What is expected:
Copy the listing below letter for letter, passing over each picture.

Supplied data:
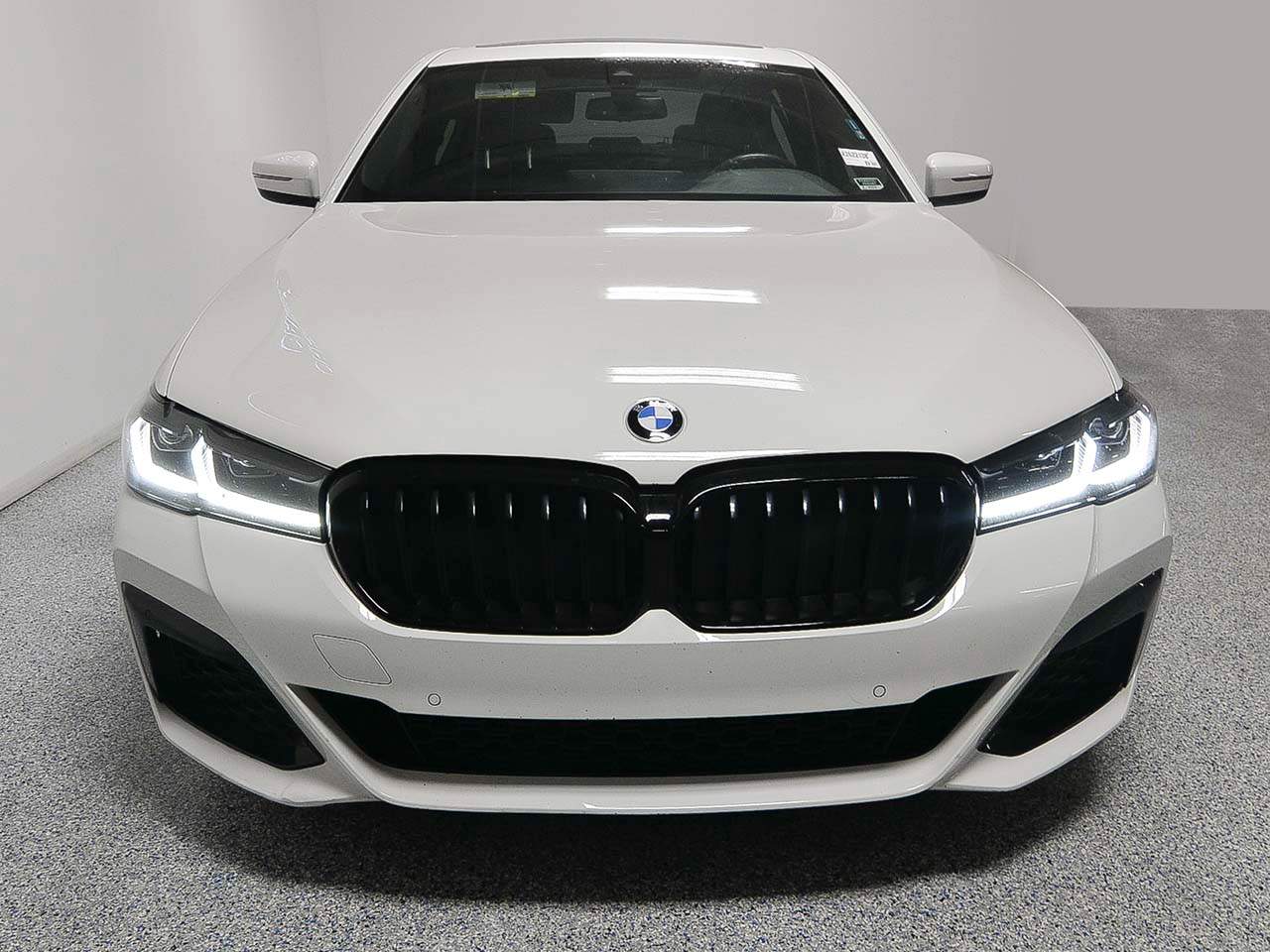 2023 BMW 5-Series 530i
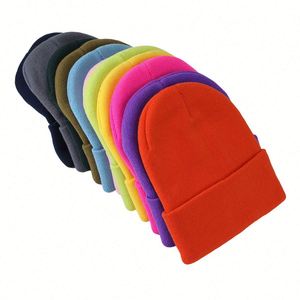Gorros de Punto al por Mayor para Adultos, Hombres y Mujeres, de Color Sólido, en Stock, Gorro de Invierno Cálido, con Logotipo Personalizado, Gorro de Punto Colorido - Product Image 4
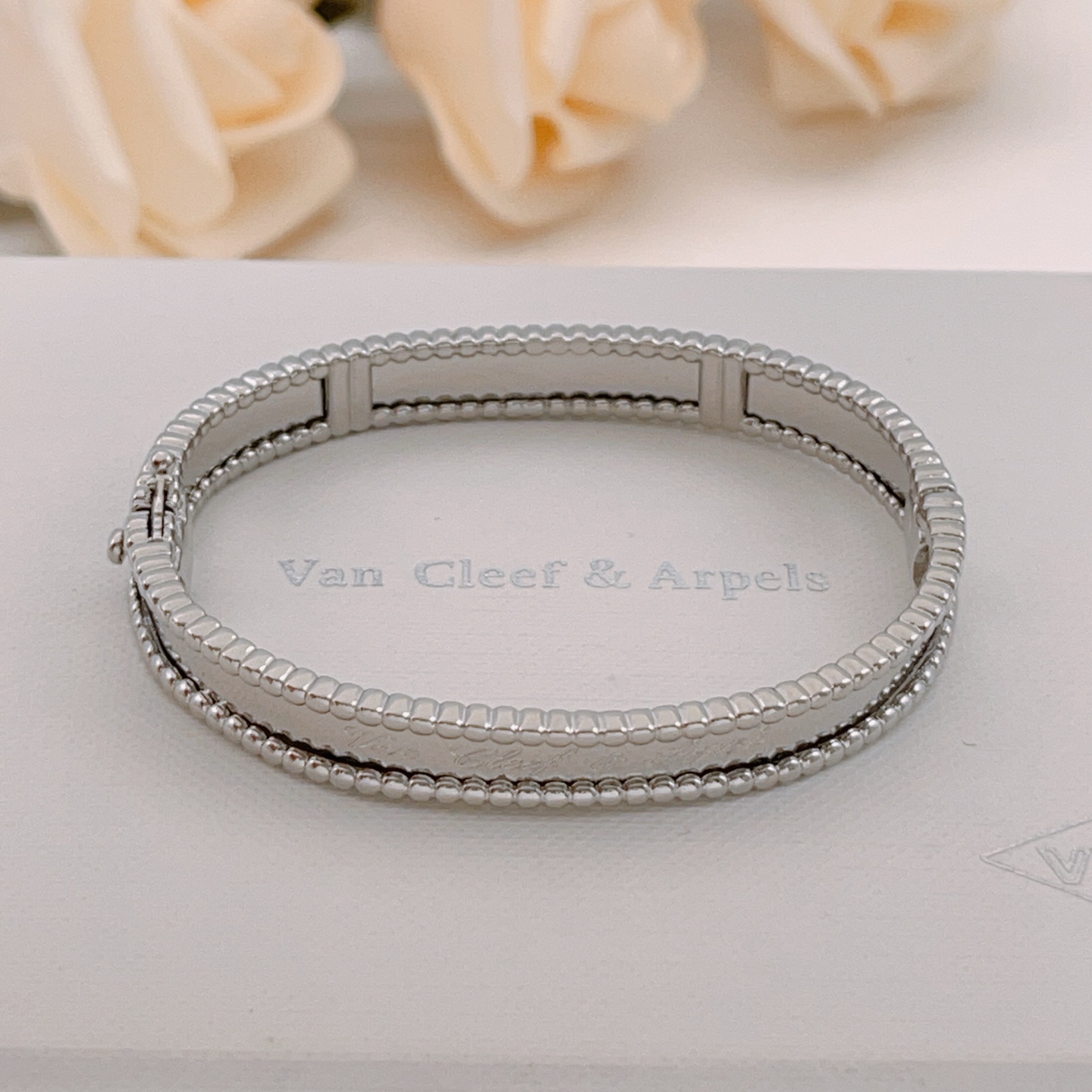Van Cleef Arpels Perlee Signature bracelet silver-toned metal no gemstones 17cm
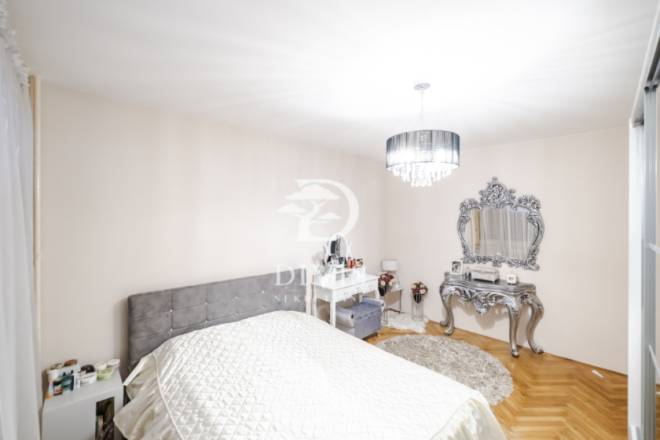 Prostran i svetao trosoban stan  Zemun  82m2 4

Your solution:
 2023 BMW 5-Series 530i
Gorros de Punto al por Mayor para Adultos, Hombres y Mujeres, de Color Sólido, en Stock, Gorro de Invierno Cálido, con Logotipo Personalizado, Gorro de Punto Colorido - Product Image 4
Van Cleef Arpels Perlee Signature bracelet silver-toned metal no gemstones 17cm
 Prostran i svetao trosoban stan  Zemun  82m2 4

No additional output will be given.